- _What is required_
Write the data out again exactly, with every picture removed.

- _Dataset section_
########
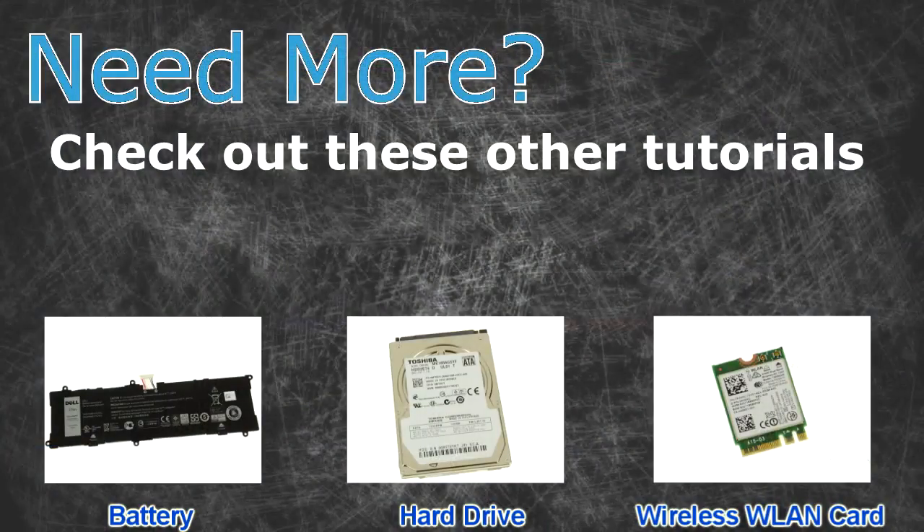Need more? Check out these other tutorials. For batteries, click here. For hard drives, click here. For wireless cards, click here.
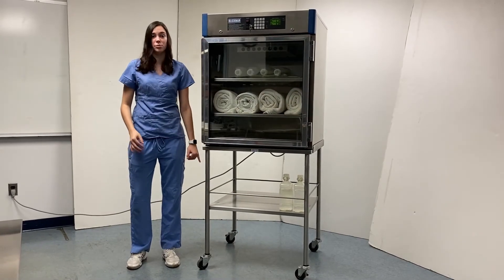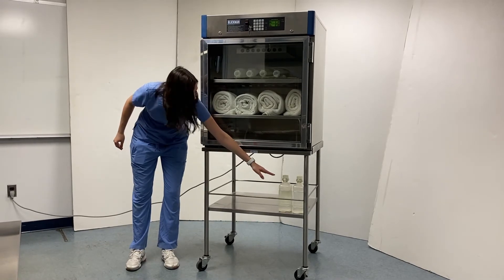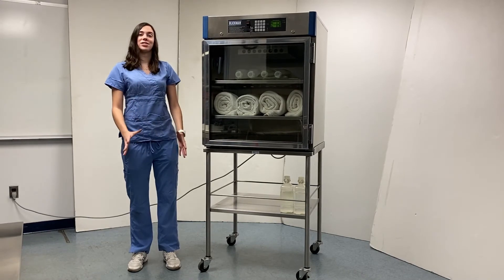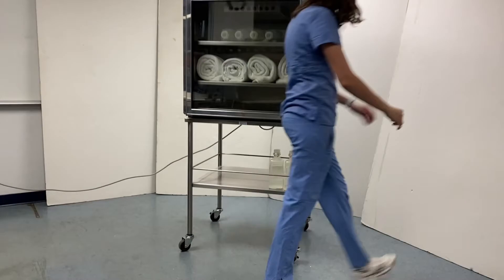Additionally, it features a bottom shelf with four guardrails to securely hold goods, as you can see right over here. This mobile stand has four casters, two of which are locking.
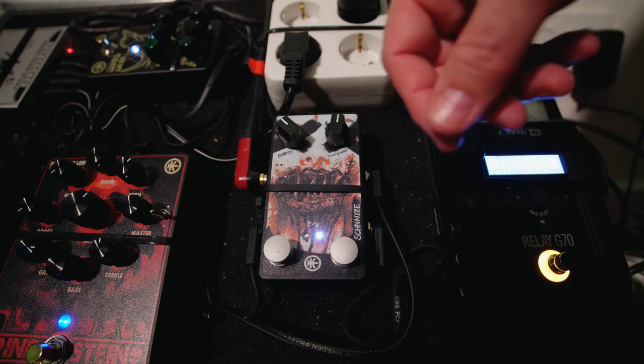My threshold is dialed in at pretty much exactly 12 o'clock, and this is how much sustain I have with my setup, guitar, and pickups. You can hear at the end the signal starts to break away — that's when the gate starts working because the volume coming in from the guitar gets too low. This can differ depending on your guitar, pickup, and so on. If you need more sustain — like for feedback at the end of a song — you just switch the gate off, since the tone is absolutely the same with it off.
########
- _Answer to this exercise_
Need more? Check out these other tutorials. For batteries, click here. For hard drives, click here. For wireless cards, click here.
Additionally, it features a bottom shelf with four guardrails to securely hold goods, as you can see right over here. This mobile stand has four casters, two of which are locking.
My threshold is dialed in at pretty much exactly 12 o'clock, and this is how much sustain I have with my setup, guitar, and pickups. You can hear at the end the signal starts to break away — that's when the gate starts working because the volume coming in from the guitar gets too low. This can differ depending on your guitar, pickup, and so on. If you need more sustain — like for feedback at the end of a song — you just switch the gate off, since the tone is absolutely the same with it off.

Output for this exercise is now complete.